== Records provided ==
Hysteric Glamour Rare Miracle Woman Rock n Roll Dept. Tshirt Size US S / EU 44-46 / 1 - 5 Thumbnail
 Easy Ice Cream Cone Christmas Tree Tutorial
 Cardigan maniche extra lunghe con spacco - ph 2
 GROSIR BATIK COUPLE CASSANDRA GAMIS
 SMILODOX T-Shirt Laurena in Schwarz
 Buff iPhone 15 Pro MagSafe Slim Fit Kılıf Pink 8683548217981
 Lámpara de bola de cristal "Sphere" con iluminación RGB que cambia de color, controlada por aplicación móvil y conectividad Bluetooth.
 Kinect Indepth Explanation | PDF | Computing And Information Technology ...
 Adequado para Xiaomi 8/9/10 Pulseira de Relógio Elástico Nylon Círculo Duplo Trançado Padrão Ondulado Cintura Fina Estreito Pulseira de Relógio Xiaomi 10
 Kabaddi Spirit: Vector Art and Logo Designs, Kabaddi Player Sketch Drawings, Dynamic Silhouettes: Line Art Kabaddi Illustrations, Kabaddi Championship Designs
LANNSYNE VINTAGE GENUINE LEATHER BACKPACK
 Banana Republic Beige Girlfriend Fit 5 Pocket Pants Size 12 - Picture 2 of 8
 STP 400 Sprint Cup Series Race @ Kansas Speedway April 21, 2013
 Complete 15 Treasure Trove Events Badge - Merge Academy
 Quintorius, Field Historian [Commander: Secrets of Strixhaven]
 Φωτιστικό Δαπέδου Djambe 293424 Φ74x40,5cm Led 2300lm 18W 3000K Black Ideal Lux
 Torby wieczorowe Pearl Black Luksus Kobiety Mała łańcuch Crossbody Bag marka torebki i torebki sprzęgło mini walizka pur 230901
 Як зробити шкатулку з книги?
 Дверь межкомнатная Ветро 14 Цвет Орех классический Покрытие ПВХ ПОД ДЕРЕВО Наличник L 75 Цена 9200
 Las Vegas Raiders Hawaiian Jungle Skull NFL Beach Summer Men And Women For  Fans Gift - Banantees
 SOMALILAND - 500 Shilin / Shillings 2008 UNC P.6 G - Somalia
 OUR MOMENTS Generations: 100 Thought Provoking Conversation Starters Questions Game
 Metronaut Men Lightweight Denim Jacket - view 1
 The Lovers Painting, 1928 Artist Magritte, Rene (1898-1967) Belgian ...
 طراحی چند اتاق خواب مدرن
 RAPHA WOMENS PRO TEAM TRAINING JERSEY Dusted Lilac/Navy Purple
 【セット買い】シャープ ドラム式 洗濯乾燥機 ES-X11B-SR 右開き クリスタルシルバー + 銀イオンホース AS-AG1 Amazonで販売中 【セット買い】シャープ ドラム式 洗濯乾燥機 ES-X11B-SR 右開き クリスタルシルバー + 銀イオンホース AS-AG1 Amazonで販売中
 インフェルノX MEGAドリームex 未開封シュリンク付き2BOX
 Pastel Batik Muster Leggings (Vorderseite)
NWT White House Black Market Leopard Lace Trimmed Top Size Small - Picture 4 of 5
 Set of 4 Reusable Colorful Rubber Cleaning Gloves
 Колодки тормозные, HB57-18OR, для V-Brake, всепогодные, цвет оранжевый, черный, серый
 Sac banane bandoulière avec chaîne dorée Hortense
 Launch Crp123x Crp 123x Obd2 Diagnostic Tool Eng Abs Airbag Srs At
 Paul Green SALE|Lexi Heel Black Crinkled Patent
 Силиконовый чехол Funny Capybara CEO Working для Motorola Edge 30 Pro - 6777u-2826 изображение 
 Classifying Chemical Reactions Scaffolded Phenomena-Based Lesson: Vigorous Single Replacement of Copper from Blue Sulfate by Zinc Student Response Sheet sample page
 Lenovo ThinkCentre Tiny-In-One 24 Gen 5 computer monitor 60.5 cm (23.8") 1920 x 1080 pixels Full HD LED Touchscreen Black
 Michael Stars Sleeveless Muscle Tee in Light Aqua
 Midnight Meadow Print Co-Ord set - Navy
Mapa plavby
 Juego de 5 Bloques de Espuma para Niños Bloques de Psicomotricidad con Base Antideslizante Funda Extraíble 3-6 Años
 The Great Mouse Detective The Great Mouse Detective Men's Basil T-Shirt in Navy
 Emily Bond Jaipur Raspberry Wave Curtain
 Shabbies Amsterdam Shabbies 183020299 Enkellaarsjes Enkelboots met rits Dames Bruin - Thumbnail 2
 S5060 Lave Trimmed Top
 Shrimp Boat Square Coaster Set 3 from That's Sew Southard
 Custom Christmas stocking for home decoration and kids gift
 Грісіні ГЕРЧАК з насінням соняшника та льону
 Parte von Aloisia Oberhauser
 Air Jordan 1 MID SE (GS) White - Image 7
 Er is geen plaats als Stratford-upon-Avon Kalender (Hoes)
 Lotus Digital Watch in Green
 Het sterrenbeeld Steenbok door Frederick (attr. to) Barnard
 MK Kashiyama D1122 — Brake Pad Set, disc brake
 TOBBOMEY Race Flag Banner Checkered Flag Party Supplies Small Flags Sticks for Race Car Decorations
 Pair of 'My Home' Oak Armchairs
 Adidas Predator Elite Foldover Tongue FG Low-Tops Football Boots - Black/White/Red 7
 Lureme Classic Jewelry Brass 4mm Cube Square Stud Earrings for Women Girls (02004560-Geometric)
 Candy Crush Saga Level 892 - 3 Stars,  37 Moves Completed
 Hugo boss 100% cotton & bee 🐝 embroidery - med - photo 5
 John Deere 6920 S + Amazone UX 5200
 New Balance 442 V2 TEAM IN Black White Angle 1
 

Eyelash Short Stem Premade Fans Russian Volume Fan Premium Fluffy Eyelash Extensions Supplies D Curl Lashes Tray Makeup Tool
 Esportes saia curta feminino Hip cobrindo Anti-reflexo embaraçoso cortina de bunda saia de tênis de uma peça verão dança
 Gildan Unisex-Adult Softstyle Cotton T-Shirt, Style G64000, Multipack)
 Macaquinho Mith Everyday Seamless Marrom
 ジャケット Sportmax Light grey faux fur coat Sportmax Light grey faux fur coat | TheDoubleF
===
__What to do__
The lines to extract from the data above begin with the line containing "TOBBOMEY Race Flag" and end with the line containing "Candy Crush Saga". Extract them exactly, including both.

__Answer below__
 TOBBOMEY Race Flag Banner Checkered Flag Party Supplies Small Flags Sticks for Race Car Decorations
 Pair of 'My Home' Oak Armchairs
 Adidas Predator Elite Foldover Tongue FG Low-Tops Football Boots - Black/White/Red 7
 Lureme Classic Jewelry Brass 4mm Cube Square Stud Earrings for Women Girls (02004560-Geometric)
 Candy Crush Saga Level 892 - 3 Stars,  37 Moves Completed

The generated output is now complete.